The works continued to grow and the last locomotive to be outshopped from the works was "England" in 1867 and by 1871 all locomotive repair work had been transferred to North Road.
In 1880, the labour force was 337, comprising:-
In 1873, William Bouch reported that further accommodation was required to house the increased number of engines, and after deliberation a new shed was authorised as a result of his representations to the Committee. It is known that 3 circular sheds existed in 1870 and it is not clear which shed was authorised at this time.
In 1883, Soho Works was officially closed and the workmen were transferred to the main works, by which time it was recognised that workspace at the works was at a premium. Extensive rebuilding started in 1886, with the acquisition of a new turntable for No. 1 shed at a cost of £388. The following year saw the addition of a machine shop, a sawmill, a forge and a new wagon building shop. This was followed by the rebuilding of No. 2 shed and thereafter No. 3 shed in 1892, however the turntable was not renewed until 1906 at a cost of £870. A paint shop was added in 1897, followed by a new office in 1898 for the works manager.

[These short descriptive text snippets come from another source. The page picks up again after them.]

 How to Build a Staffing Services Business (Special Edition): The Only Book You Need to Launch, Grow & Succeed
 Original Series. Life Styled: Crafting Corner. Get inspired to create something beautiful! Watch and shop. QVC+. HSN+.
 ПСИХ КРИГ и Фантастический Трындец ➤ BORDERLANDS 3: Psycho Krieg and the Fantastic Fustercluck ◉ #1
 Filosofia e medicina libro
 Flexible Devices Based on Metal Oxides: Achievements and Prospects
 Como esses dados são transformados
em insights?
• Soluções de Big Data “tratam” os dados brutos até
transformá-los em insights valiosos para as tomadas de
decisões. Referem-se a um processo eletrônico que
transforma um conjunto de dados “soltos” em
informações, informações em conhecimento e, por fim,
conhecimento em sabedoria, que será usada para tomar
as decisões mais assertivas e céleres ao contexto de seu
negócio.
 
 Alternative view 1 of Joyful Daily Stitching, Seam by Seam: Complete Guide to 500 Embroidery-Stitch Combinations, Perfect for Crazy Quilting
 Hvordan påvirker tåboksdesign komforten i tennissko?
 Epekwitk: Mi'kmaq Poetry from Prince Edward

1915 saw the adaptation of No. 3 shed to house the 10 electric locomotives built for working the line to Newport. An NER diagram shows eleven stalls fitted with overhead wiring, bearing a number on a board above the tracks indicating the stalls of the respectively numbered locomotives( these were numbered 3 to 12). No. 3 the first of the locomotives commenced trial runs on the route in 1915. The electric locomotives ceased working in 1935. They were stored at North Road before being moved to South Gosforth. A further locomotive No. 13, which was built for main line express passenger runs was delivered in 1922, but apart from trial runs between Shildon and Newport, it never entered service.
On the the death of William Bouch in 1876, William MacNay took over as Works Manager until 1890, he in turn was succeeded by W.J. Dixon who was Manager for 12 years. In 1902 R. Pick was appointed until 1910. R.W. Wordsell was manager during World War I until 1923. With an acute shortage of labour, women were introduced into the works and trained as welders.

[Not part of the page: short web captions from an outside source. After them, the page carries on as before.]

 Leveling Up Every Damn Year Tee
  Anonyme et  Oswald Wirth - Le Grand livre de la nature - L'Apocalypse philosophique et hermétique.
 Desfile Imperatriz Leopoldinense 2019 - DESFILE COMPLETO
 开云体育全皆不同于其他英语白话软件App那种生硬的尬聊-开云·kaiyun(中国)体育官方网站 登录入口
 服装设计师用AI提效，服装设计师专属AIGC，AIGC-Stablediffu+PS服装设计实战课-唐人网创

In addition to to the normal construction and repair of railway wagons, the works became a production unit for shells and tanks.

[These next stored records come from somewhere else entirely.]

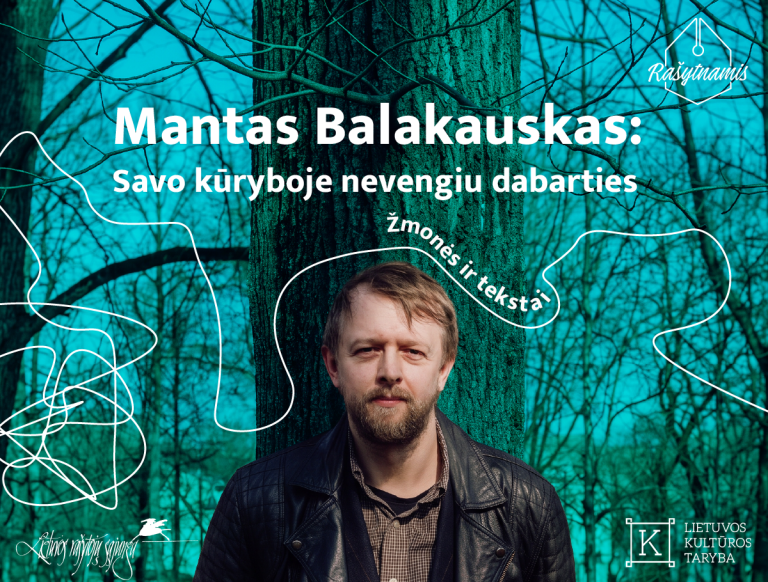 Poetas Mantas Balakauskas: „Savo kūryboje nevengiu dabarties“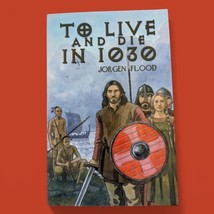To Live And Die In 1030 Jorgen Flood Paperback 2008 Publish America Vikings - £8.33 GBP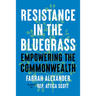 Resistance in the Bluegrass: Empowering the Commonwealth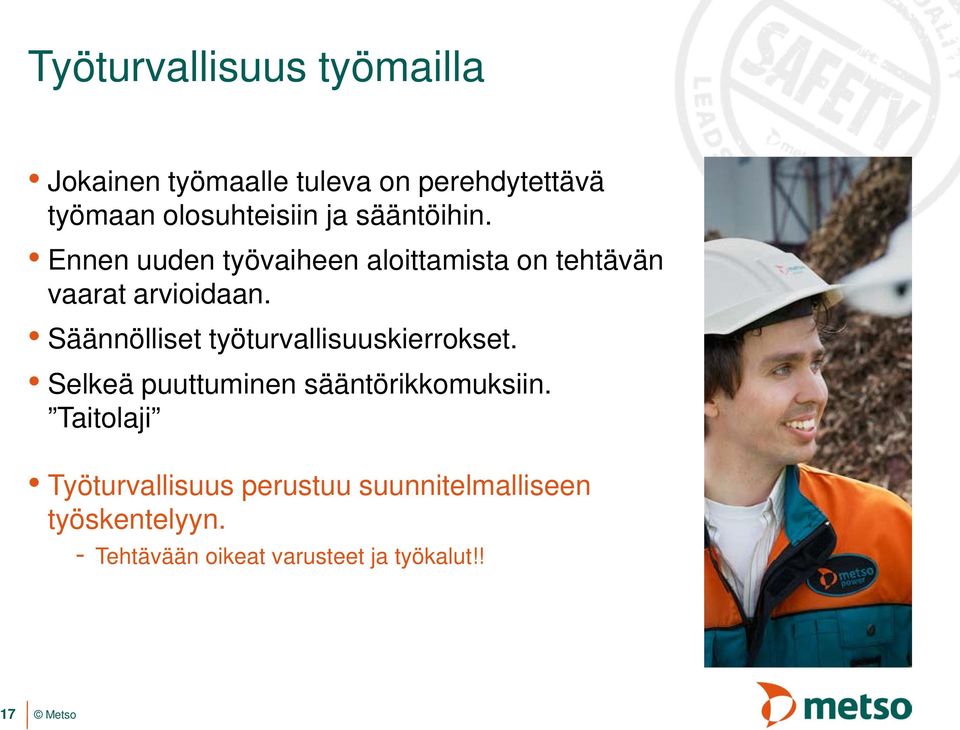 Säännölliset työturvallisuuskierrokset. Selkeä puuttuminen sääntörikkomuksiin.
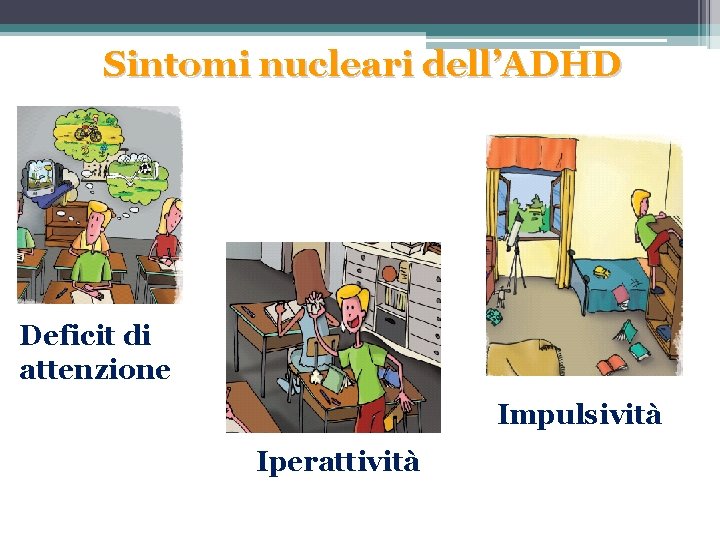 Sintomi nucleari dell’ADHD Deficit di attenzione Impulsività Iperattività 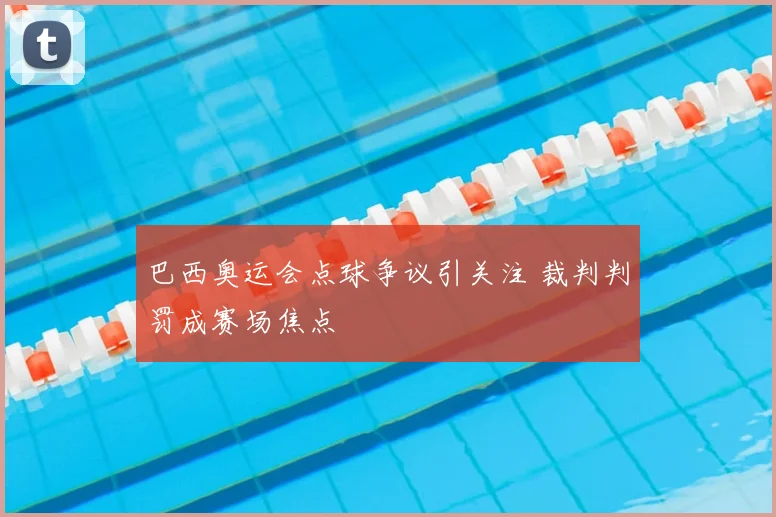 巴西奥运会点球争议引关注 裁判判罚成赛场焦点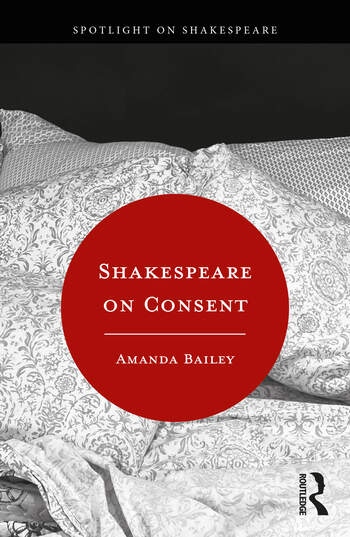 Shakespeare on Consent Taylor & Francis Ltd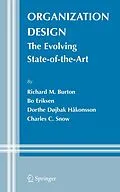 E-Book (pdf) Organization Design von Richard M. Burton, Bo Eriksen, Dorthe Døjbak Håkonsson
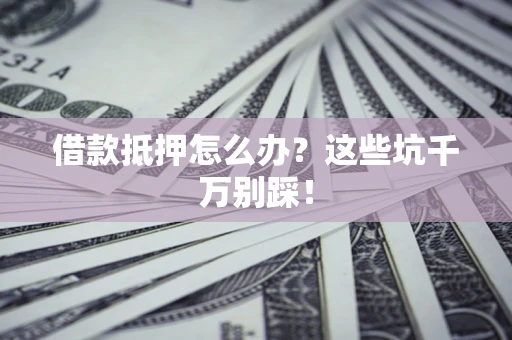 济南借款抵押怎么办?这些坑千万别踩! 济南借款抵押怎么办?这些坑千万别踩!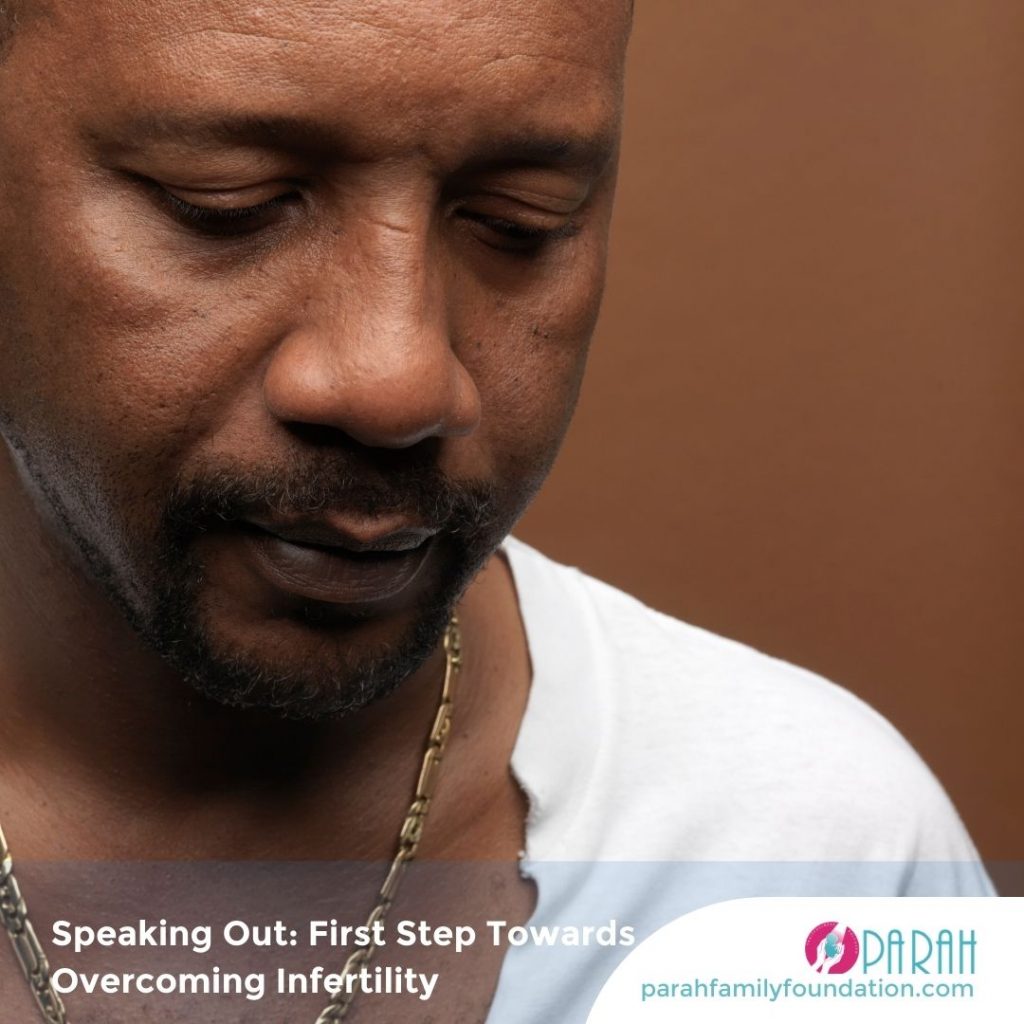 Speaking Out: First Step Towards Overcoming Infertility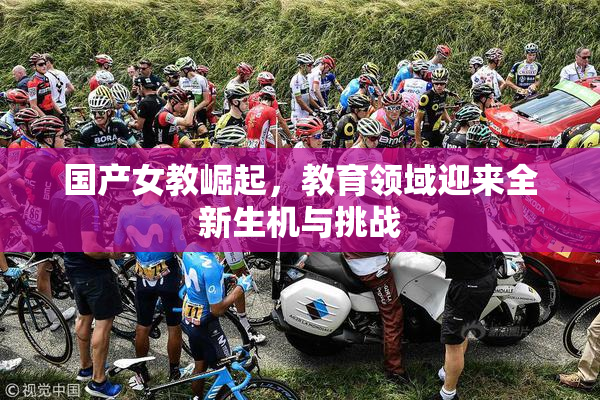 国产女教崛起，教育领域迎来全新生机与挑战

With the formation of the four main railway groups in 1923, Shildon Works came under the control of the London & North Eastern Railway and with them came a new manager, Mr. Stephenson, who reigned until 1934. He was succeed for a brief spell of 4 years by Major Wells Hood.
Mr. T. Cruddas was appointed manager in 1938, and steered the works throughout World War II.
After the second world war the Foreman of the Smith's Shop was awarded the O.B.E. for his services.
New shops were added in the late 1940's and in 1948 with the nationalisation of the railways, the works came under the control of the Chief Mechanical and Electrical Engineer for the E. & N.E. Regions.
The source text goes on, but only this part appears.